**Work item:**
Further down are entries; set down exactly and only the lines from the one with "Radiator, engine cooling VALEO 733532" up to and including the one with "Alebrijes Para Colorear 13", dropping each picture.

───── Records supplied

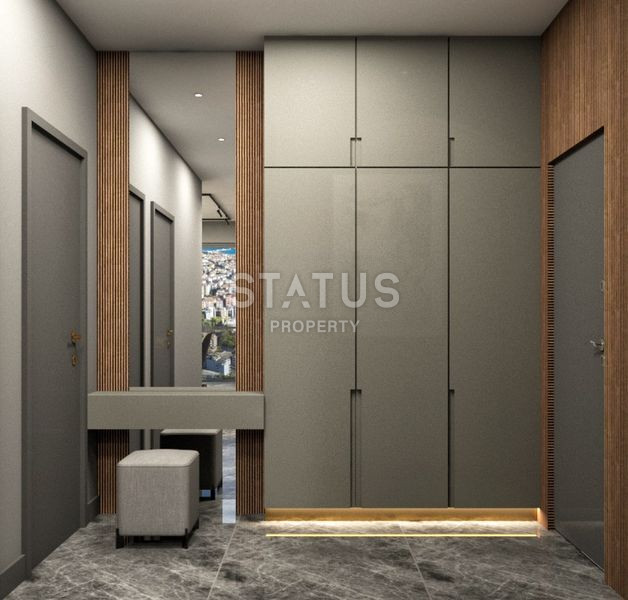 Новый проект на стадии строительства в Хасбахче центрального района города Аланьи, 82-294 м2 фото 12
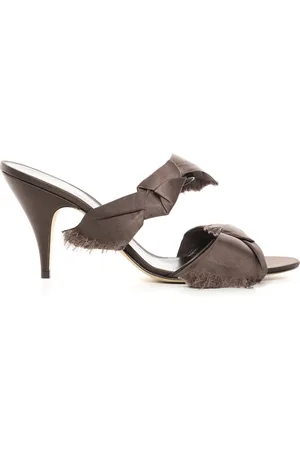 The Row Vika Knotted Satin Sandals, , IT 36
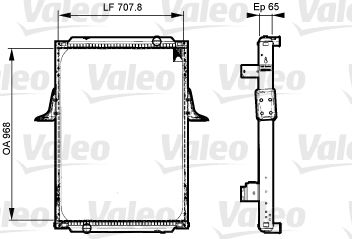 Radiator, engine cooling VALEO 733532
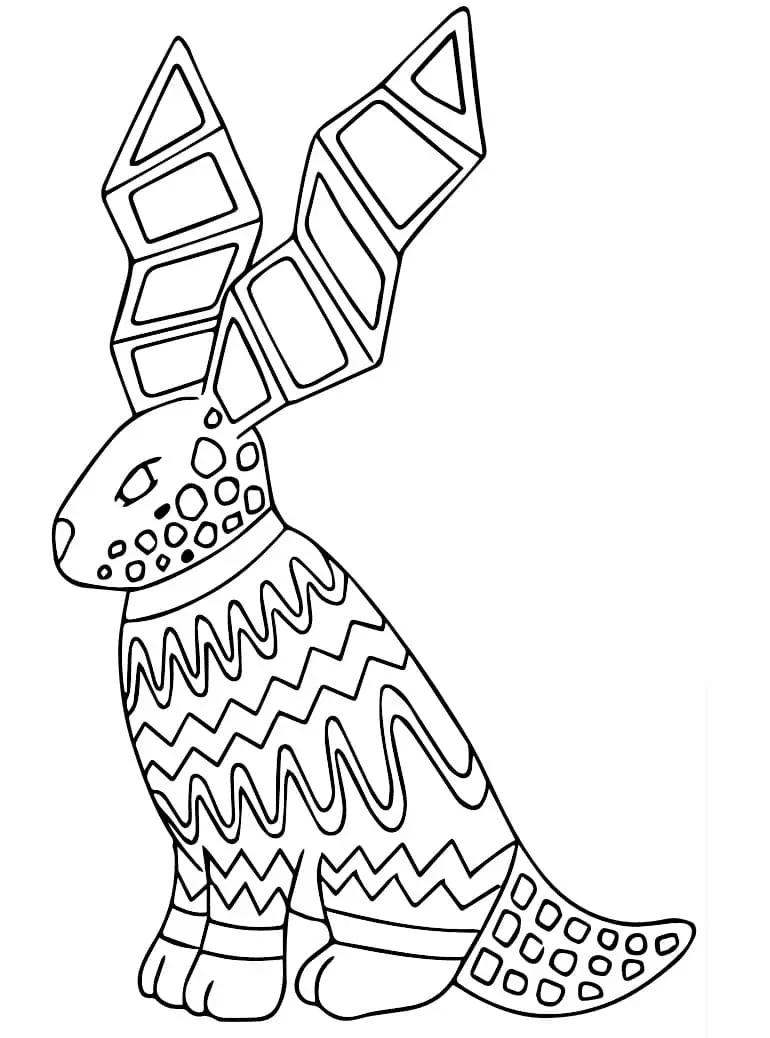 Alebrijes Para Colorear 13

──────────
───── Records supplied

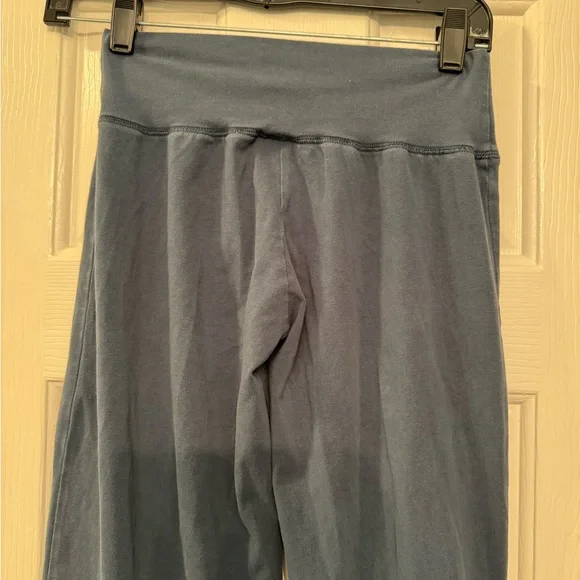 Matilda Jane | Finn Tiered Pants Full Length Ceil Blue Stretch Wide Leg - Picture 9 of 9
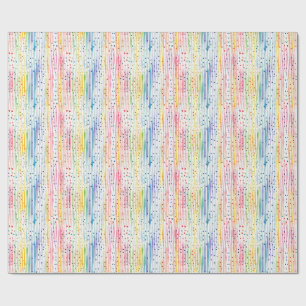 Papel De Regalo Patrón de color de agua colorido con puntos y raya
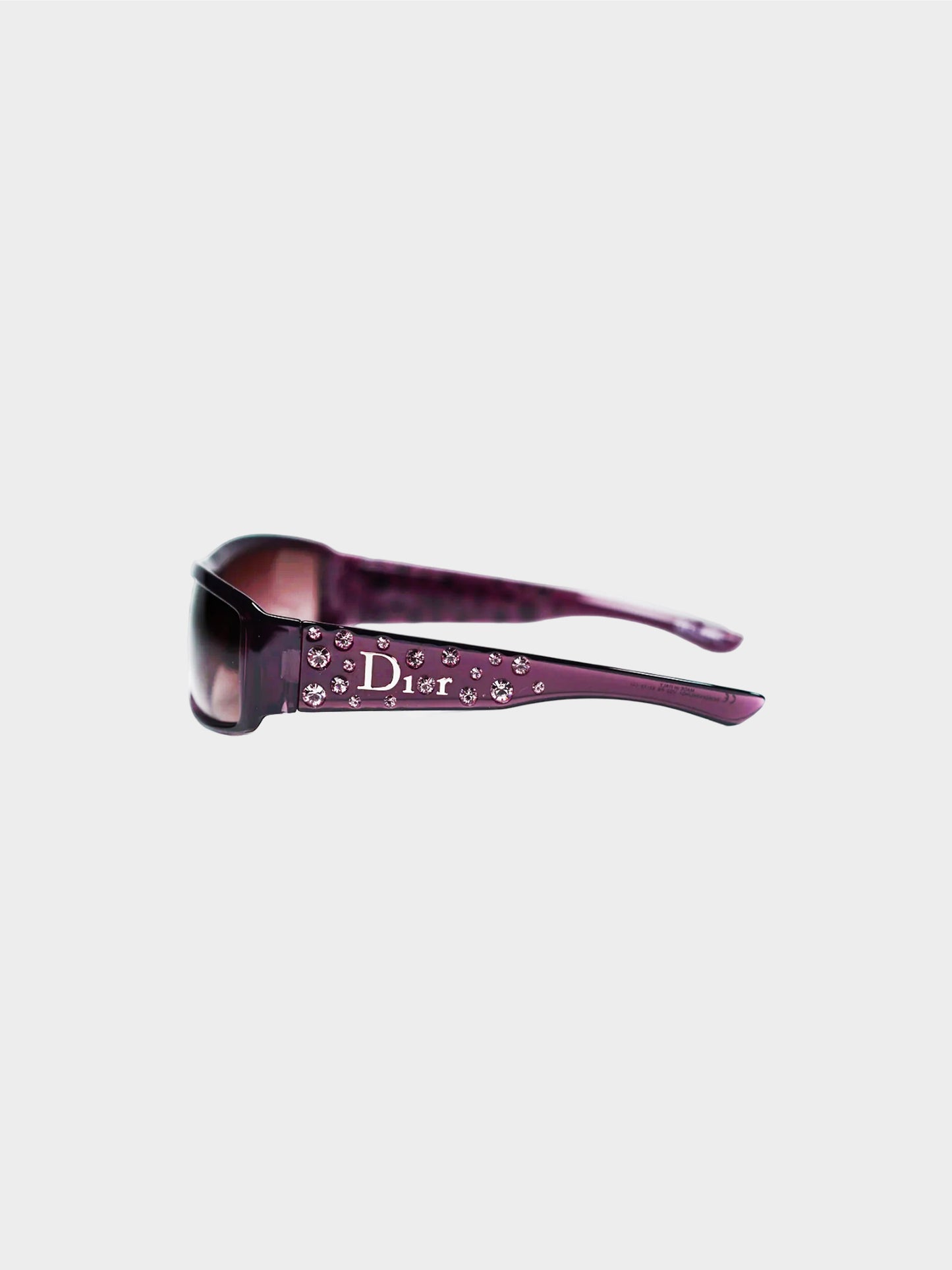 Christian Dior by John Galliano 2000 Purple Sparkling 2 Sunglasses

──────────

**Result of this exercise:**
 Radiator, engine cooling VALEO 733532
 Alebrijes Para Colorear 13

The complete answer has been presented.